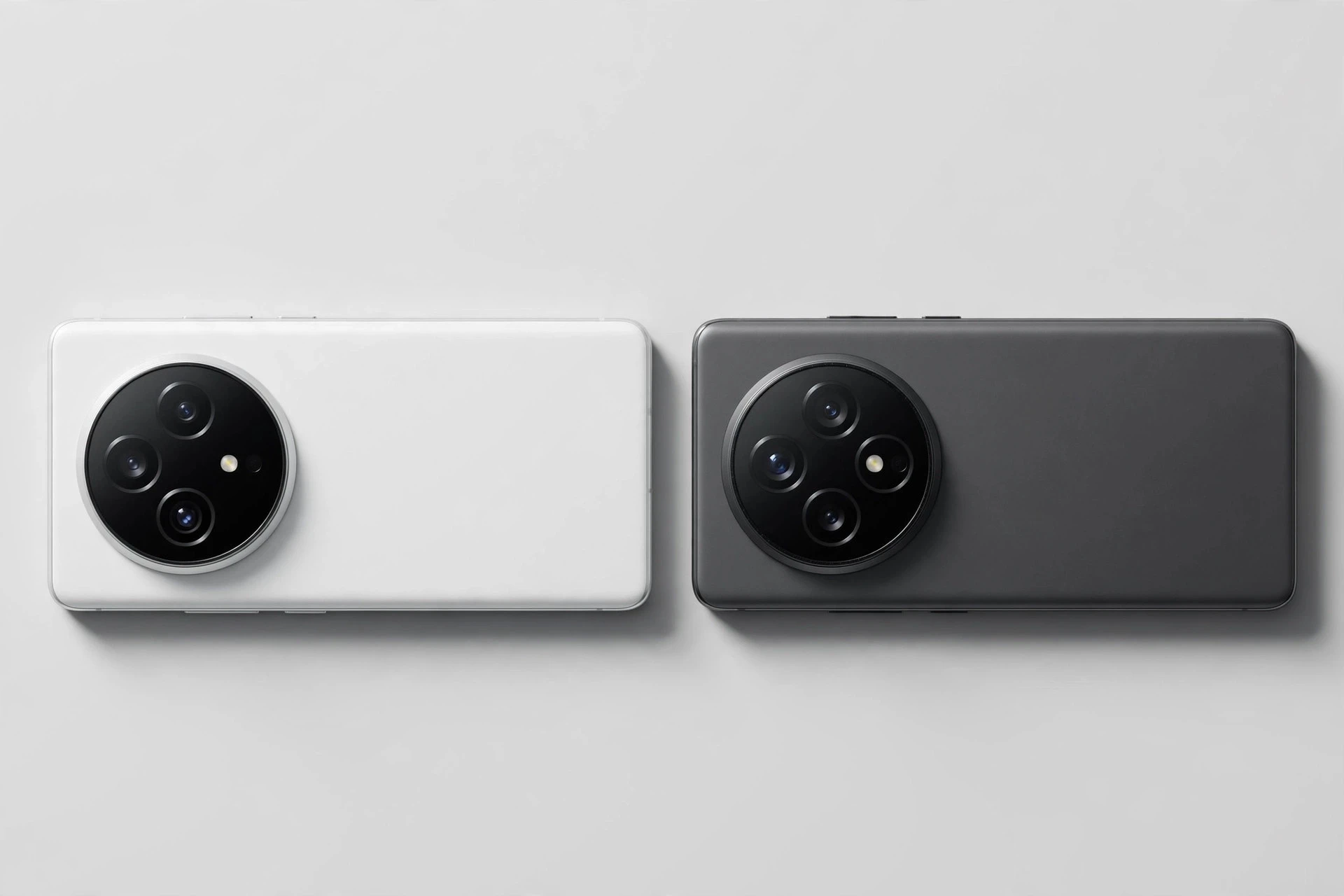 Two premium flagship smartphones in white and dark grey with large circular camera modules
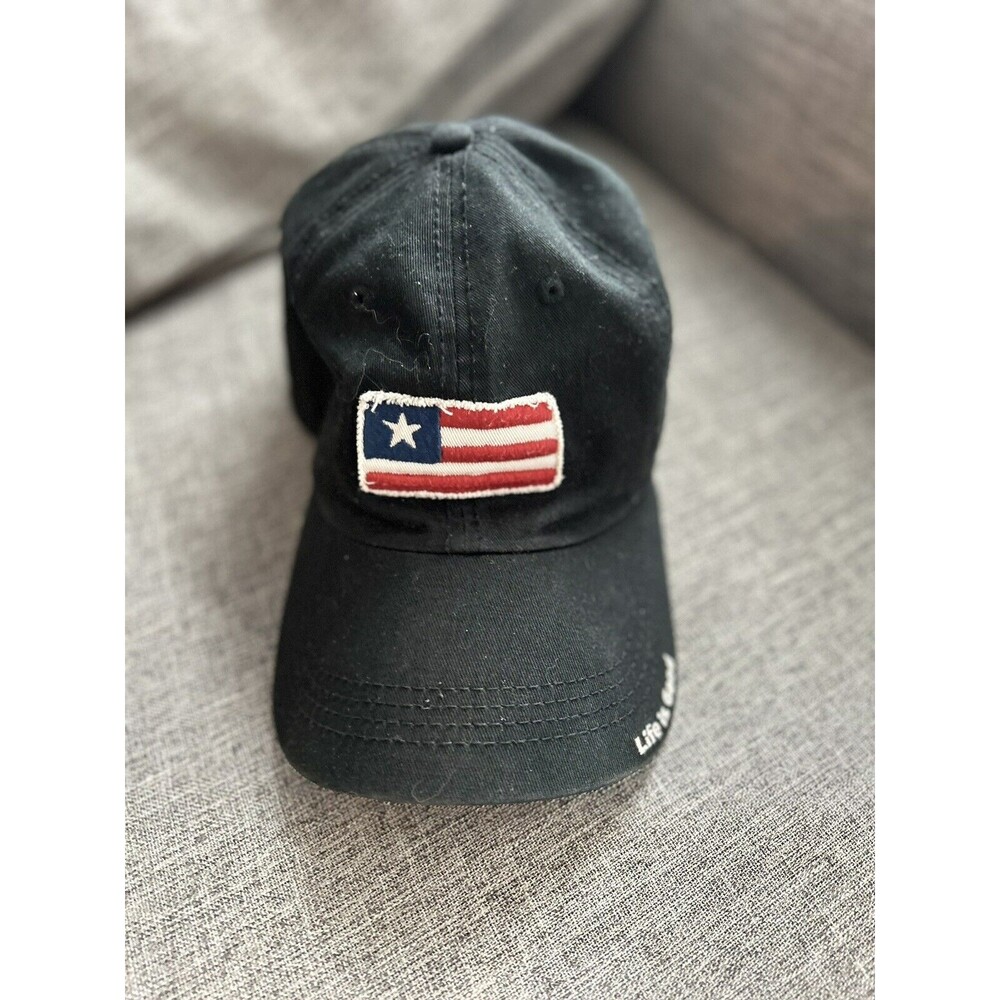 Life is Good Black American Flag Adjustable Cap Baseball Unisex One Size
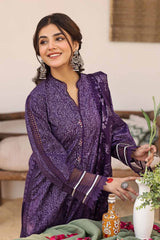 3 Piece Lawn Glitter Printed Lawn Unstitched Suit with Gota Lace CL-32423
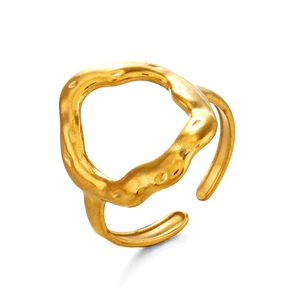 Irregular 18K gold plated hollow oval ring in minimalist stainless steel lava design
◇ ◇ ◇ ◇ ◇
Task item: Print, exactly as written, the lines above from the first one to the one containing "3 Piece Lawn". Leave out pictures.

Solution to the problem:
 Two premium flagship smartphones in white and dark grey with large circular camera modules
 Life is Good Black American Flag Adjustable Cap Baseball Unisex One Size
 3 Piece Lawn Glitter Printed Lawn Unstitched Suit with Gota Lace CL-32423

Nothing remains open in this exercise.